▶ **Problem requirements**
Leave every picture out and print exactly the lines that run from the one containing "Ecosystem Monitoring Alert" to the end of the listing.
+++ Material provided
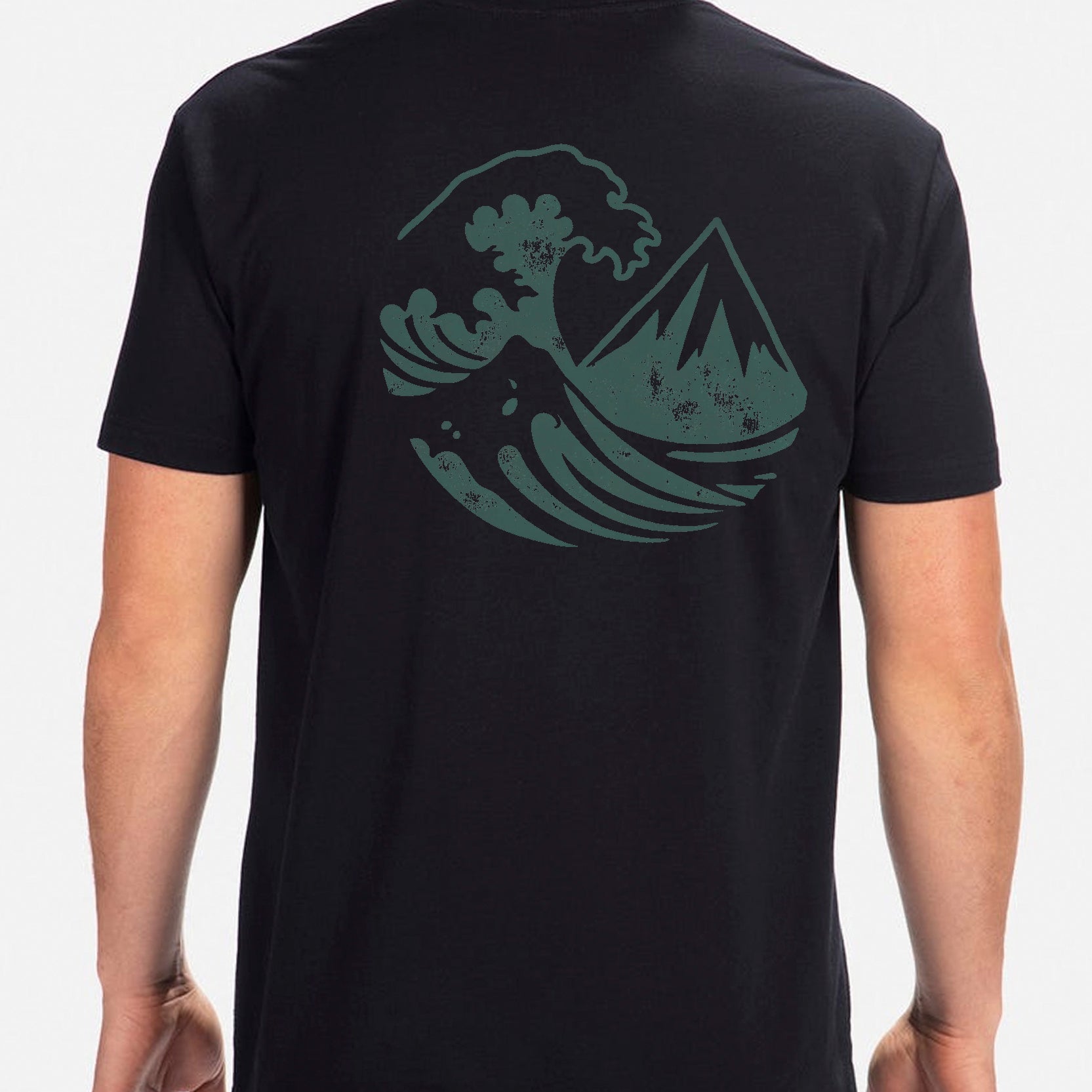 Mens Peak Surfing T-Shirt Black 1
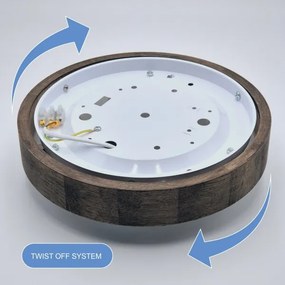 Brilagi – LED RGBW stmievateľné stropné svietidlo CARVALHO SLIM 1×E27/15W/230V Wi‑Fi v dekore dub, priemer 27 cm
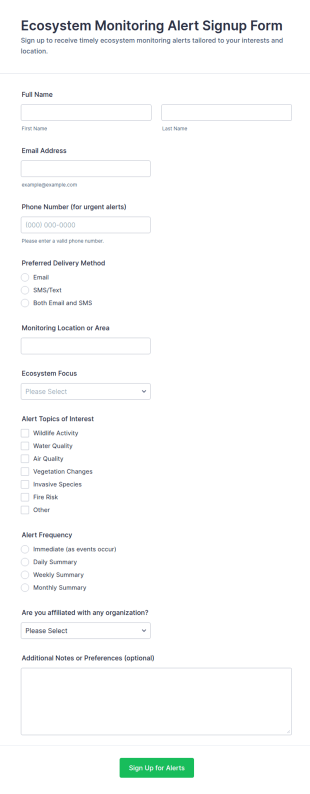 Ecosystem Monitoring Alert Signup Form Template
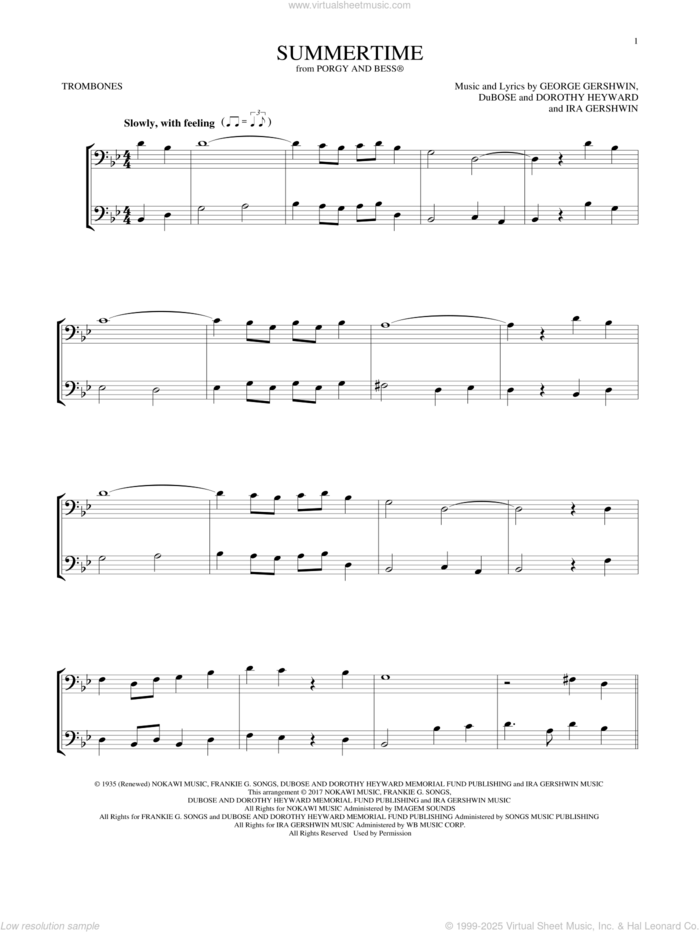 Summertime (from Porgy and Bess) sheet music for two trombones (duet, duets) by George Gershwin, Dorothy Heyward, DuBose Heyward and Ira Gershwin, intermediate skill level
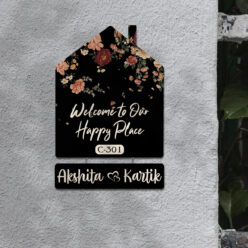 Personalized | Dark Floral Theme Hut Style Wooden Name Plate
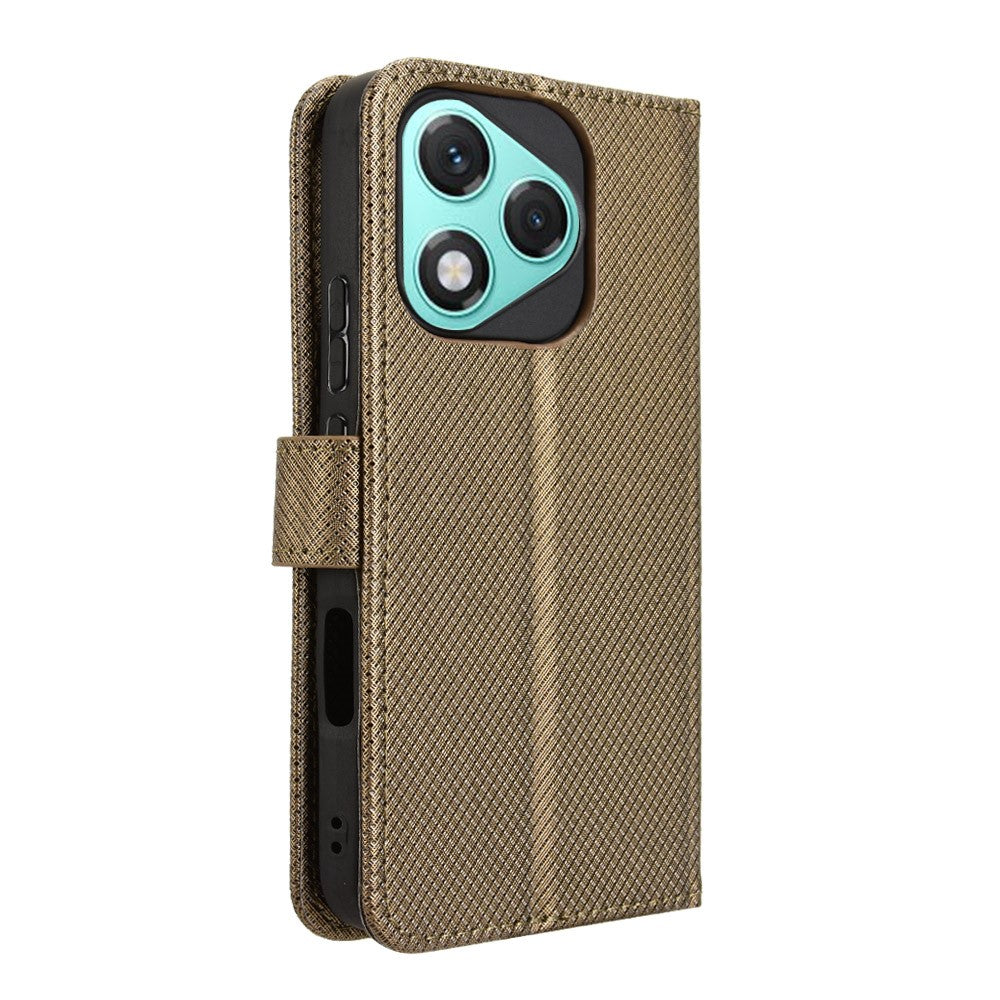 For Honor 400 Lite 5G Leather Wallet Case with Strap Diamond Texture Phone Cover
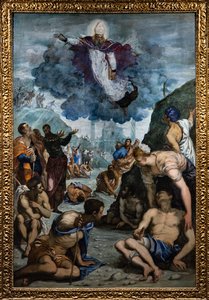 聖アウグスティヌスは足の不自由な人を癒します 作： Jacopo Robusti Tintoretto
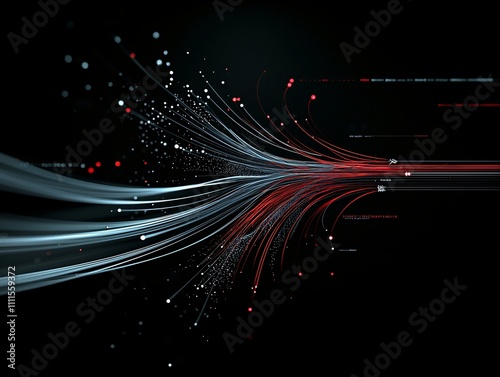 High-energy visualization of data flowing through a fiber optic network, emphasizing speed and connectivity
++++++
▶ **Exercise result**
 Ecosystem Monitoring Alert Signup Form Template
 Summertime (from Porgy and Bess) sheet music for two trombones (duet, duets) by George Gershwin, Dorothy Heyward, DuBose Heyward and Ira Gershwin, intermediate skill level
 Personalized | Dark Floral Theme Hut Style Wooden Name Plate
 For Honor 400 Lite 5G Leather Wallet Case with Strap Diamond Texture Phone Cover
 聖アウグスティヌスは足の不自由な人を癒します 作： Jacopo Robusti Tintoretto
 High-energy visualization of data flowing through a fiber optic network, emphasizing speed and connectivity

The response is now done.